Der Nachtkoch lieh mir sein Telefon und stellte daraufhin die Jukebox auf ein ohrenbetäubendes Everybody have fun tonight. Aus mir nicht nachvollziehbaren Gründen hörte ich nach vielen Versuchen trotzdem eine lebende Person am Telefon, die mir schläfrig und eher desinteressiert erklärte, dass ich sie leider umgehend besuchen müsse, und zwar zu den vollständig den amerikanischen Verhältnissen angepassten Öffnungszeiten von 08:30 bis 11:30 Uhr des Vormittags. 

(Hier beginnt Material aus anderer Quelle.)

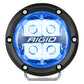 Rigid Industries 360-Series 4in LED Off-Road Spot Beam - RGBW (Pair) - Racecraft Industries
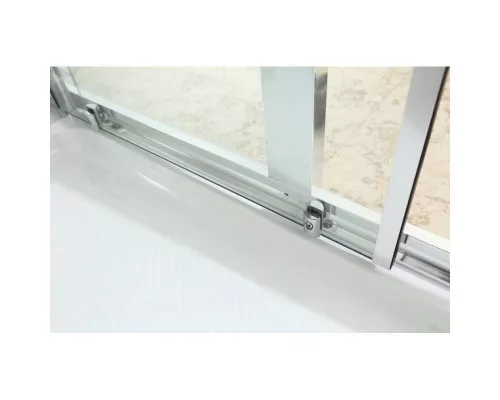 Заказать Душевая кабина 120х90х220 см Black & White Galaxy 5509120 прозрачное в магазине сантехники Santeh-Crystal.ru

Gegen halb vier Uhr morgens befand ich mich auf der Autobahn für Arme, der sogenannten Interstate, um 340 Meilen später in Downtown Miami anzukommen. Das grösste Highlight der Fahrt, abgesehen von völliger Übermüdung und daraus resultierendem Kaffeewahn, war ein urlaubendes Reh am Fahrbahnrand, welches sich nicht von riesigen Trucks oder meiner konstanten Geschwindigkeitsübertretung beeindrucken ließ und gemütlich frühstückte. Das Gras am Abgrund schmeckt immer am besten.

Auf dem Konsulat sprachen alle spanisch und ich war mir vorübergehend nicht mehr sicher, ob Mexiko mittlerweile deutsche Auslandsbehörden übernommen hatte. An den Wänden hingen völlig sinnfreie Bilder mit der Überschrift „Kreativ in Mexiko Deutschland“, während man die Konsulatsbeamten in Kämmerlein 1, 2 oder 3 nur nach erfolgreicher Auslosung einer Nummer antreffen durfte. Vor mir kam also ganz Miami zum Zuge.

Gegen 12.30 Uhr mittags hielt ich einen Reisepassersatz in Händen und rannte durch die chaotische Stadt zurück zu meinem Auto. Die Rückfahrt dauerte gefühlte 300 und echte sechs Stunden, was besonders gut mit meinem Schlafentzug seit wiederum 38 Stunden zusammenpasste. 
Das urlaubende Reh vom Straßenrand hatte inzwischen eine Mietwohnung im Wald bezogen und stand nicht mehr auf Extreme Feeding, obwohl ich mich dieses Mal wirklich anstrengte, alles und jeden zu überfahren.

Servus USA. Ich mach jetzt erst einmal Pause von euch.